By: Connor Mabon – Opinions Editor
The clock on my car’s dashboard had just turned 6 p.m. when I pulled into my garage back home in Pittsburgh. For many of us, this means it’s dinner time.
Weary-eyed and ravenous, I quickly swung the basement door open without even removing my bags from the trunk. After several hours of staring down the mesmerizing highway, I needed to switch gears to a relaxed state.
As I walked through the door I was taken aback by the smell of something so familiar, so comforting that I felt my empty tank had started to refuel.
The scent causing my mind to relax and stomach to rumble was coming from a large pot sitting on the stove top.
Simmering away was warm liquid goodness filled with chicken, carrots, onion, garlic, celery and pastina (little pasta in Italian).
This simple pleasure set the tone for the rest of what was my last, and best, midterm break.

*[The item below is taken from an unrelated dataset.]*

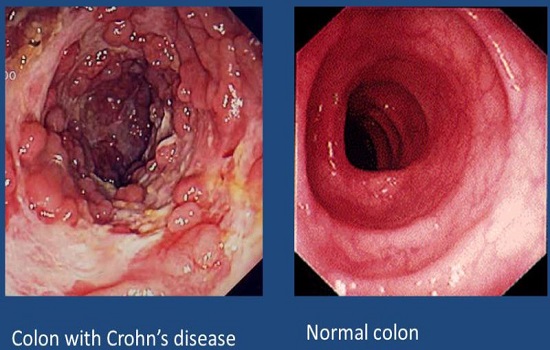 Các cách điều trị bệnh Crohn (viêm ruột) tại nhà hiệu quả mà vô hại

Though I spent most of my time trying new restaurants and bars around my hometown, I still made sure I was able to catch up on all things life with my family. It’s amazing how innocent conversations can reveal so much truth and wisdom about ways to interpret and deal with the events we experience.
American writer William Ellery Channing once said “home is the chief school of human virtues.” I truly believe this has meaning behind it. Just think of how much we learn from our family members about the good things life has to offer and how to deal with all of its harsh realities.
Think back to all the times in our youth when we were corrected by our parents for being impolite or disrespectful to others, even though little Johnny Jagoff threw a toy at you after sharing it with him. Think back to the times when you felt lost and confused about why bad things have to happen to good people. Where was it that we learned how to cope with all the challenges thrown our way? I’d say it was within the confines of our own homes.
Being home during a time in our lives when we’re suppose to be out and about all the time doing who knows what teaches us to appreciate what we have and ones who love us.
School serves its purpose for a certain kind of education and for socializing with others, but there’s something special about what happens in the home that rejuvenates someone like a worn out senior who’s ready to tackle bigger challenges. I reveled in all the great food and good company that surrounded me because I know after losing my father that it’s so important for us to appreciate the small things like having innocent conversations with family members
Don’t get me wrong, I love the UD way of life, but changing your pace is a good way to keep life interesting and enjoyable.
Being away from home presents the opportunity to learn valuable lessons on responsibility and self-discipline, yet there have been times where I, and I’m sure many others, have felt their hearts being tugged toward the place we learned to be tormentor of siblings, and more importantly, ourselves.